Although Homemade Soups are frequently neglected on today’s menus, they are keenly appreciated whenever they appear at table. There is nothing, perhaps, more elegant for a well-planned dinner than a clear consommé or a cream soup, the choice of which would depend on the course to follow. A clear soup should precede a meal that might include a cream sauce. A cream soup should never precede a meal that includes a cream sauce; but it would be ideal before a roast, chicken, beef, steak, or the like.

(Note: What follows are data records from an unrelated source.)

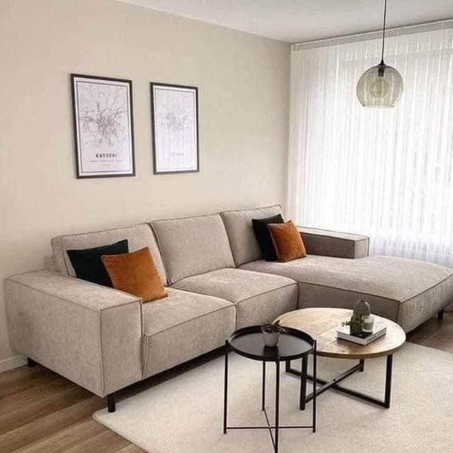 canapé d’angle moderne  – Design & Confort réunis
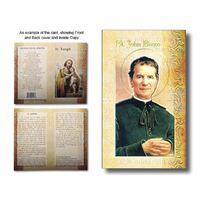 Biography Mini - St John Bosco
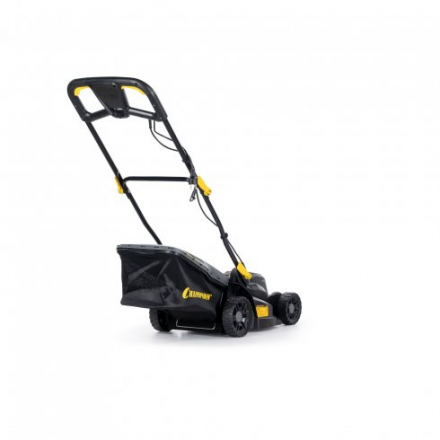 Газонокосилка электрическая CHAMPION EM3414 Газонокосилка электрическая CHAMPION EM3414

There are basically three kinds of soups—these are the clear soups, cream soups, and vegetable soups. Clear soups are made with fish, poultry, or meat cooked in a broth and strained. Cream soups are nothing more than diluted white sauces to which cream and various flavors are added. Vegetable soups are peasant soups and are altogether delicious; they can be a meal in themselves.

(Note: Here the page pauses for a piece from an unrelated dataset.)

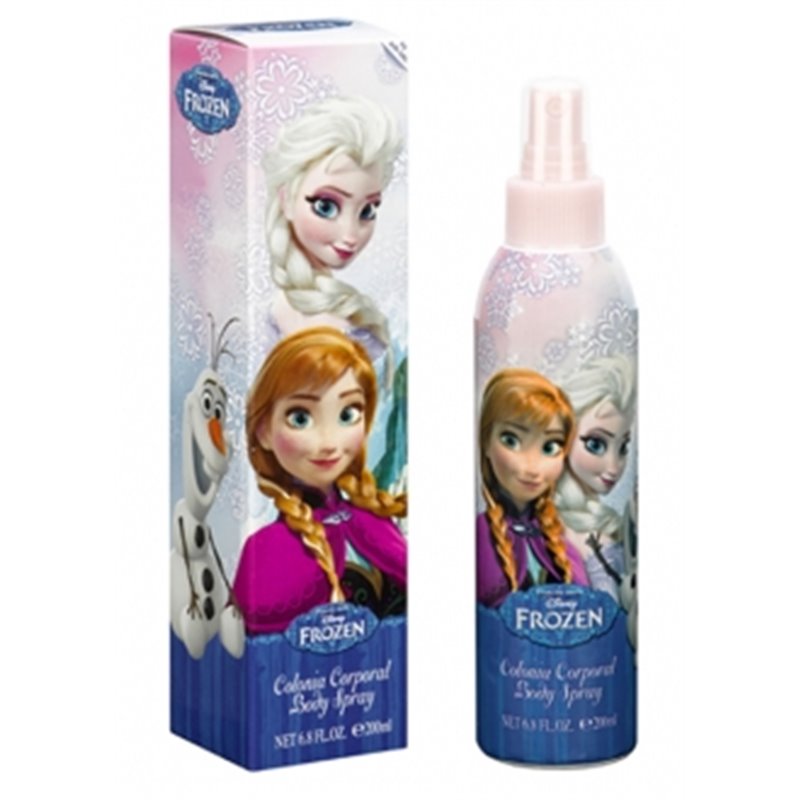 COLONIA FROZEN FRESCA 200ml VAPORIZADOR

In preparing the so-called clear soups or broths, it is important to know that bones give body to the liquids. What the body really is, is a form of gelatin. Veal bones give off the most gelatin and, therefore, give the most body to soups and broths. The reason we say “so-called clear soups or broths” is that they are not transparent and water-clear when they are first made. A basic chicken soup or beef soup—otherwise known as stock—is delicious when it is served immediately out of the kettle. But if it is to be really clear, it must be “refined” with egg white or raw meat. This is a refinement, however, that few people in this day and age care to indulge in; it simply looks more elegant but is necessary only if the soup is used for an aspic, which must be clear. There are listed below recipes for a chicken stock and a beef stock, either of which may be served as a soup or as a cooking broth.